During our visit to Horta do Alto da Eira on a Tuesday morning, we found a space empty of people - a different environment from the one that we got used to and what we will find already this coming weekend. Even so, and even though the garden is always a space under construction, you can feel a vibration that is not normal in the city, you feel that this space really belongs to people and nature - it is what results from their relationship. In one year, a lot has changed in the Alto da Eira vegetable garden: the fruit trees have grown, there are more terraces and different vegetables planted, a pond where rainwater is collected for irrigation, a small wood oven, a mini-greenhouse under construction to serve as a seedbed, and a small mural made with shards found in the middle of the land. All done by all and for all.

It is Maria who walks with us through the Horta do Alto da Eira. "We are between harvests, so we now have fewer vegetables grown"he tells us. But we see lettuce, cabbage, lupins, and potatoes. Lots of potatoes. "I call it a battalion"Maria jokes, because there are so many potatoes growing in the soil. Next to the batatal, at the top of the garden, a pond is beginning to form that will have a double function: on the one hand, to attract biodiversity, both fauna and flora; on the other, to collect rainwater and channel it to a reservoir. From here the water will flow down the terraces in handmade clay pipes, watering the vegetables and moistening the soil. The idea is to make the most of scarce resources such as water and create sustainable cycles within this horticultural space. The garden has an automatic irrigation system connected to the city's water network, because the pond and the rain alone would not be able to manage the crops. But the fact that the garden is watered this way and not manually, with a hose, is also for a reason of sustainability: "With automatic irrigation we can manage water much better. Manual watering uses a lot more water." 

Maria Freitas, of Regador (photo LPP)

This concern with optimizing and monitoring resources is constant in the Alto da Eira vegetable garden. Further down, next to the fruit trees, small ivy plants grow to help conserve moisture and straw and organic waste has been added for the same purpose. "We want to be as self-sustaining as possible"says Maria. That is why a seedbed is also being built. "We want to stop buying seedlings [the "baby vegetables for transplanting"] and develop the seeds in this small greenhouse and then, already as small plants, pass them on to the vegetable garden"he explains.

The deep part of the Horta do Alto da Eira is a multi-purpose area, so to speak.
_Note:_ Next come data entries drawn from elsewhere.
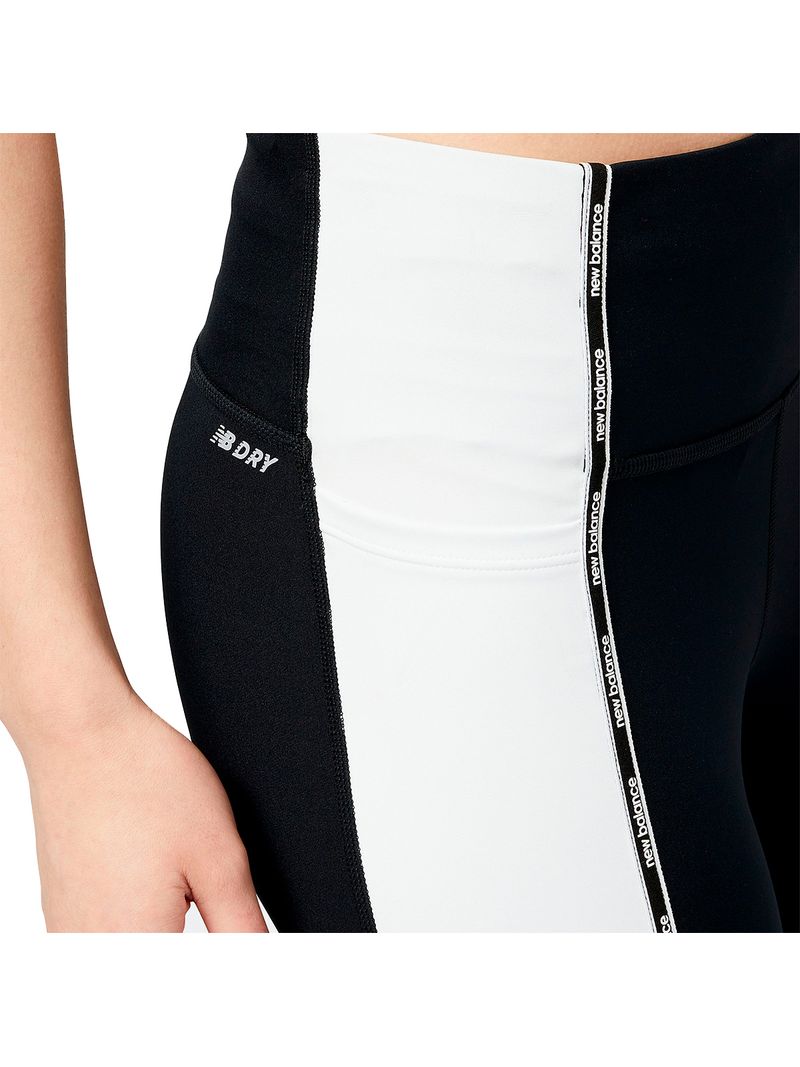 New-Balance-Calza-Accelerate-Pacer-7-8-Tight-Mujer---L-3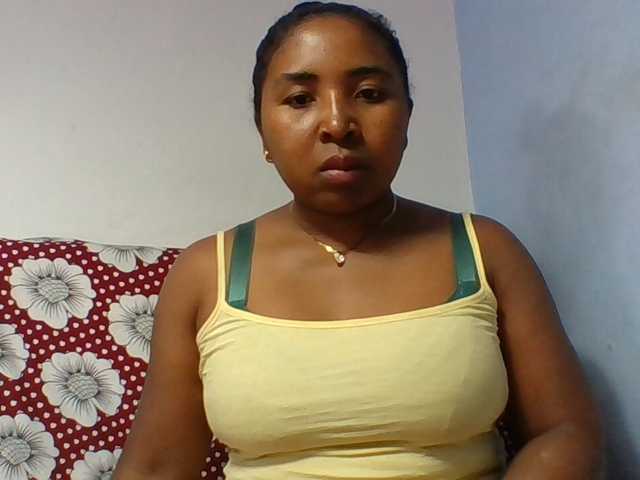 Josy-2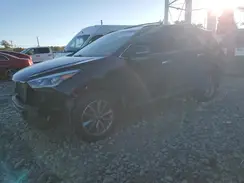 KM8SN4HF1JU288255 2018 HYUNDAI SANTA FE
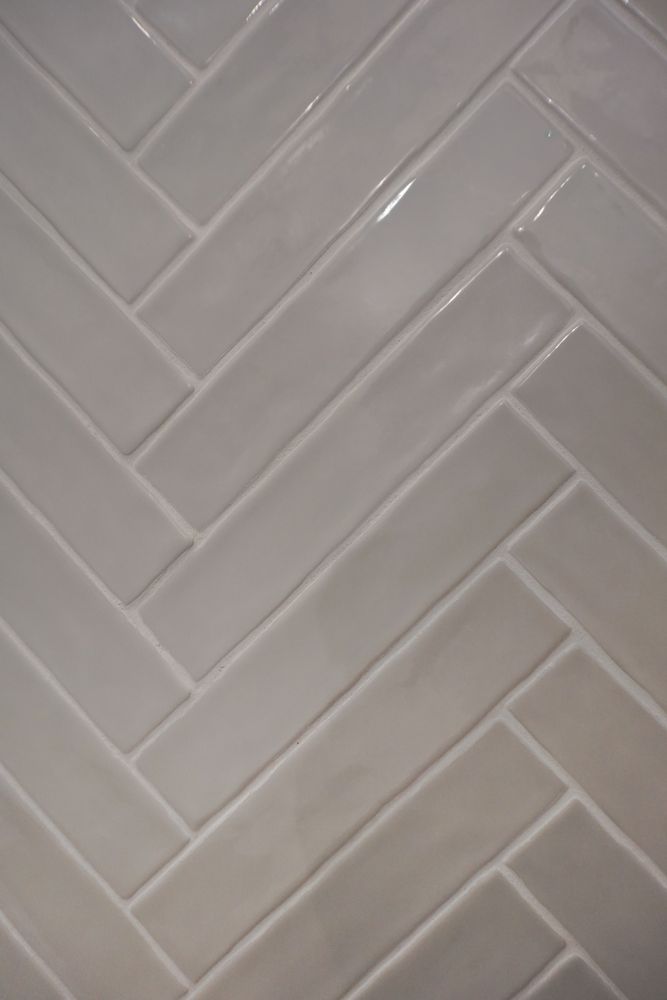 All Photos for Top Pros Construction in Haverhill, MA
This is where people gather and activities take place on weekends. And this is where the Watering Festival will take place, namely the vegetable market part. The Alto da Eira vegetable garden will continue to be developed by the community, at least as long as people want it to be and the Regador association has the financial possibility to continue to coordinate the project. The operation of the garden will continue to happen in an organic way, adopting the dynamics that naturally arise.

The project has been attracting more people from outside, from the city, than residents of the surrounding neighborhoods. But Maria highlights the important role of the neighborhood in protecting the space "when we are not here" and that "it is normal that not everyone has the body or the will to participate". Basically, everyone participates as they can and want to, whether it's planting, making things for the garden, or in events and gatherings, or for simple street conversations. The Horta do Alto da Eira has shown very well what collective agriculture can be, and the Regador Festival will be the space to talk about it and to cross-reference other initiatives.